WORK INSTRUCTIONS:
Please copy the listing that follows exactly, leaving out any pictures.

EXERCISE DATA:
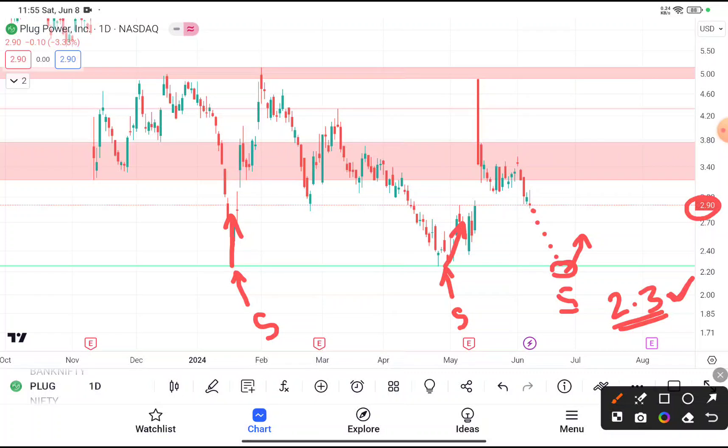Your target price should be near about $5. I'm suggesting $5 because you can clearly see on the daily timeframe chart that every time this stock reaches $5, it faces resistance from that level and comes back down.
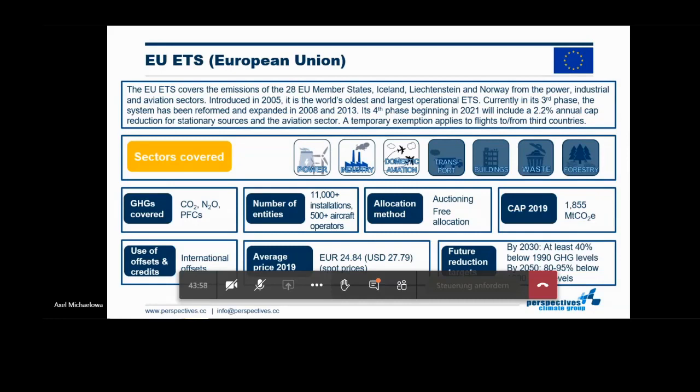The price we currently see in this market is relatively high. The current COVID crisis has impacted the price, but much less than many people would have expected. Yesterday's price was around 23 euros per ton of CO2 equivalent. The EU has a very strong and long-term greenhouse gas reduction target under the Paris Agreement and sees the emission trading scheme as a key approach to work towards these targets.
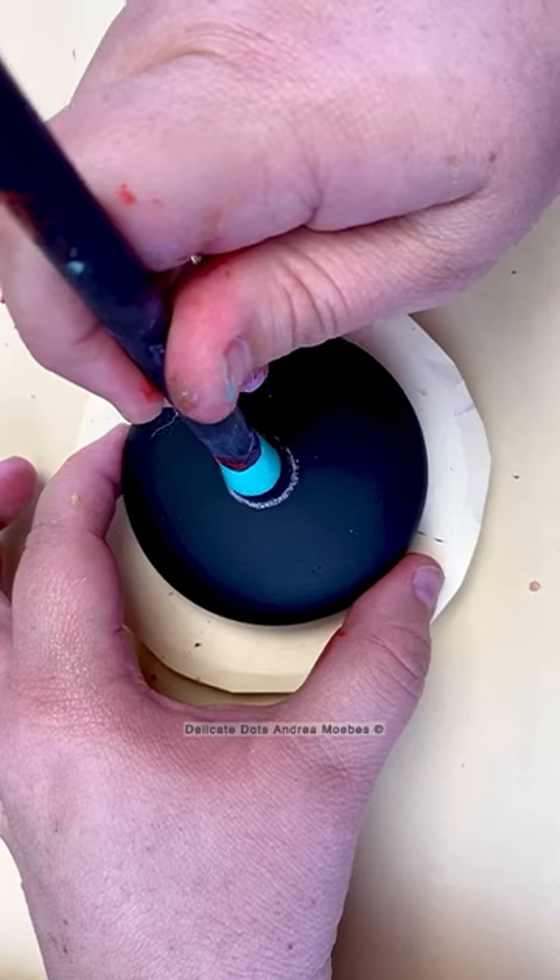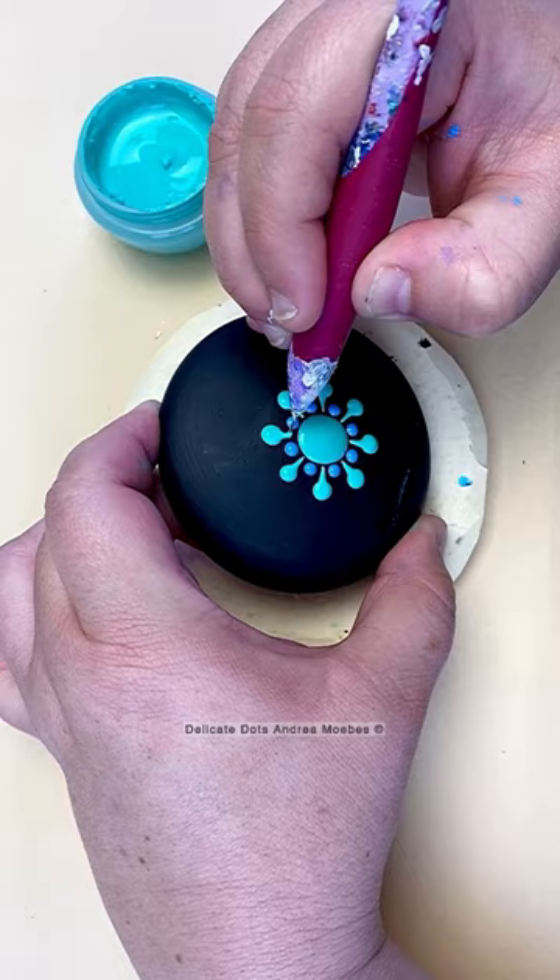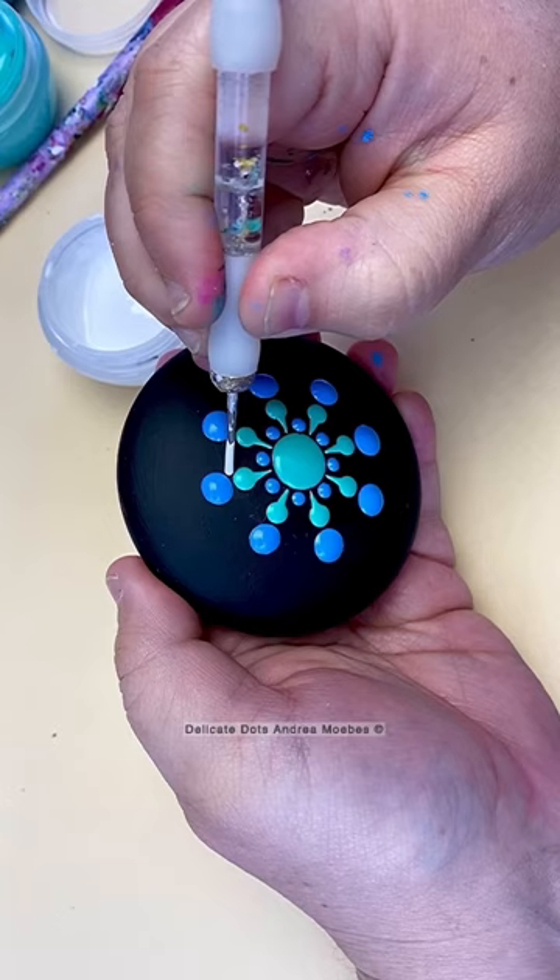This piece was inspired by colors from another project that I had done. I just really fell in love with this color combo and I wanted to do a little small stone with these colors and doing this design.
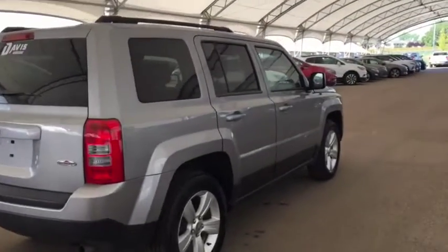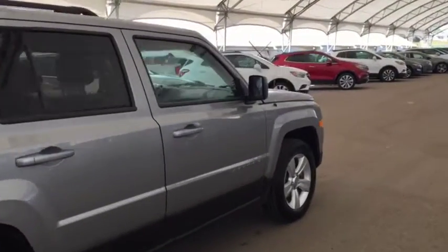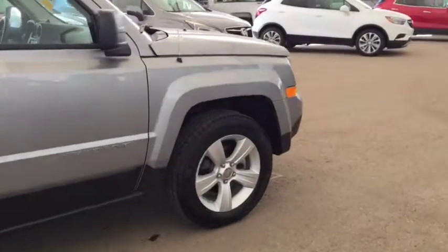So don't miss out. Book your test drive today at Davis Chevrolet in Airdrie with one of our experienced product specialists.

REPLY TO THE EXERCISE:
Your target price should be near about $5. I'm suggesting $5 because you can clearly see on the daily timeframe chart that every time this stock reaches $5, it faces resistance from that level and comes back down.
The price we currently see in this market is relatively high. The current COVID crisis has impacted the price, but much less than many people would have expected. Yesterday's price was around 23 euros per ton of CO2 equivalent. The EU has a very strong and long-term greenhouse gas reduction target under the Paris Agreement and sees the emission trading scheme as a key approach to work towards these targets.
This piece was inspired by colors from another project that I had done. I just really fell in love with this color combo and I wanted to do a little small stone with these colors and doing this design.
So don't miss out. Book your test drive today at Davis Chevrolet in Airdrie with one of our experienced product specialists.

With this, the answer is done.